LC natural response derivation 4

So now we're going to use the initial conditions to figure out our values, our two constant values A1 and A2 that is in our proposed solution for current for the LC circuit.

So one thing we need to do, because this is a second order equation, we need to have two initial conditions for the variable that we're studying here. So we're studying I right now. We have one initial condition for I, and because we have a second order equation, that means we need two initial conditions for I. So we have one initial condition right here, and what we'd like to know is what is di/dt at time equals zero. So the other piece of information we have is this v_kn at time equals zero.

Let's use that and we'll just plug that straight into the inductor equation. So the inductor equation at T equals 0, the voltage across the inductor is V_kn, and that equals L * di/dt. All right, and that means that di/dt equals V_kn over L. So now I have two initial conditions in terms of I. There's one and there's one there, and we can use these now to go after A1 and A2.

First off, let's plug in I for time equals zero and then see if we can work out something over here. So that means at time equals zero, the current is zero, and that equals A1 * cos(ω_kn * 0) + A2 * sin(ω_kn * 0). And what does this evaluate to? Okay, this is sin(0) and sin(0) is 0, and cosine of 0 is 1. So that comes up with 0 equal A1.

Okay, and A1 equals 0 means that this entire term of our solution just dropped out. All right, let me rewrite what we end up with. I equals A2 * sin(ω_kn * t). This whole term here just dropped out of the solution.

So here's our proposed solution down here. Now we need to go after A2. Let's do that. As you might suspect, we're going to use our second initial condition to do that. So to use our initial condition, we need di/dt. So let's take d/dt of this.

We're going to take d/dt of this whole equation, and on the left side, we'll get di/dt, and on the other side, we'll get d/dt of A2 * sin(ω_kn * t). Okay, so far so good? Let's roll it down again. So let's take that derivative. We get di/dt equals A2 comes out of the derivative, and the derivative of sin(ω_kn * t) with respect to t is ω_kn * cos(ω_kn * t).
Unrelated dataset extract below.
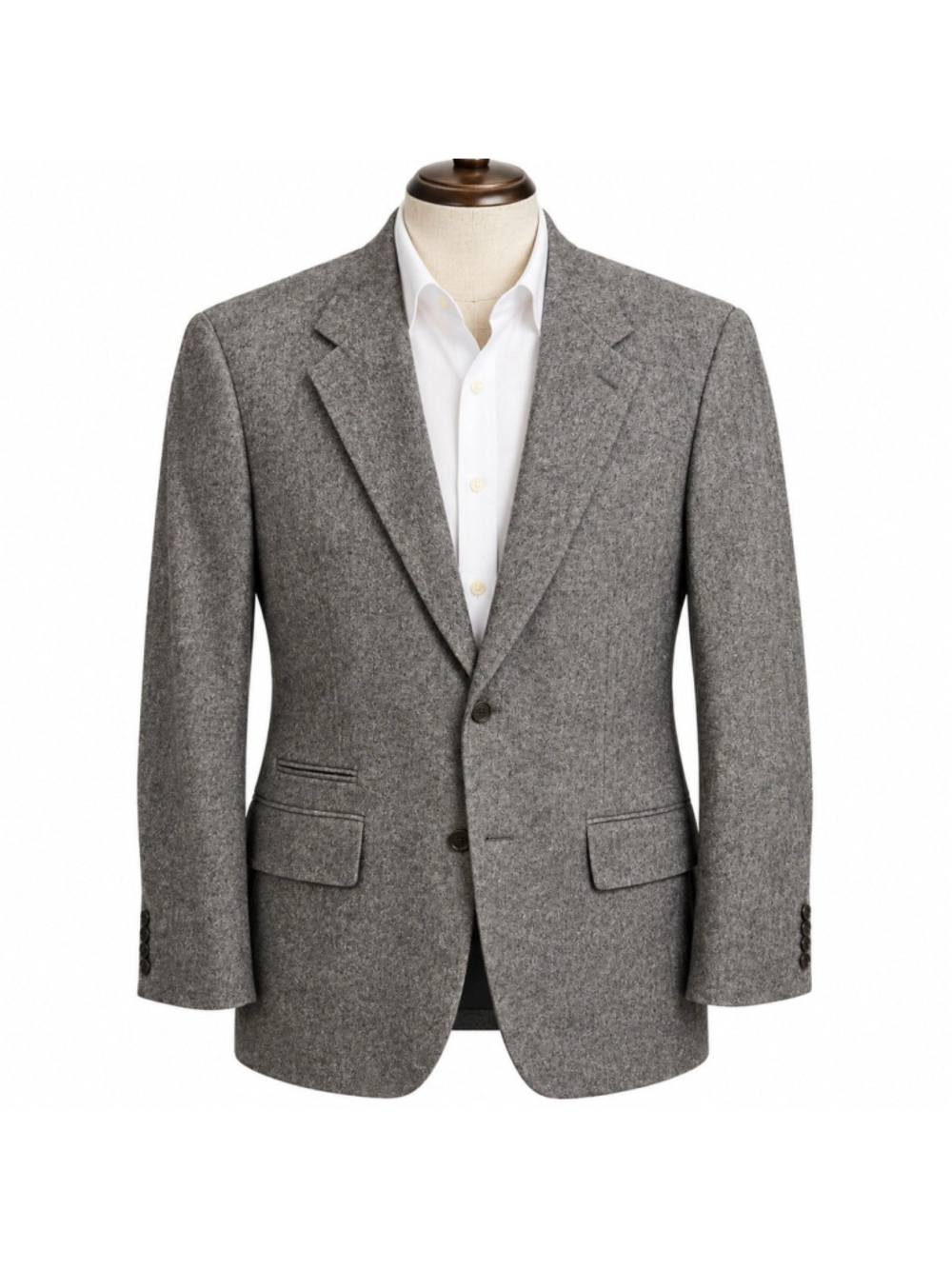 John Varvatos Heathered Gray Wool Blazer Jacket Sport Coat Made In Italy 42R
We apply our initial condition. Let's go to t equals 0 and we know that di/dt was V/L equals A2 * ω_kn * cos(ω_kn * 0). And cosine of 0 goes to one, and so we can solve for A2. A2 equals V_kn over L * ω_kn.

So now we've solved for our second adjustable parameter, and we can write I. I was A2 * sin(ω_kn * t). So let's fill it in for A2. I equals A2, which is V_kn over L * ω_kn * sin(ω_kn * t).

And I want to go back now. I want to write this a little bit differently. I want to go back and plug in our value for ω_kn. So if we remember, we said ω₀ equals 1/sqrt(LC).

So now L * ω_kn equals 1/√(LC) * L, and that equals √(L/C). Lastly, I'll write 1/(L * ω_kn) equals √(C/L), just the reciprocal.

And now we can write I equals √(C/L) * V_kn * sin(ω_kn * t). And that is the solution for the natural response of an LC circuit. It's in the form of a sine wave, and the frequency is determined by ω_kn, which is the two component values, and the amplitude is determined by the energy we started with, which is represented here by V_kn and the ratio of the two components again.

So this is why I said at the beginning that this is where sine waves are born.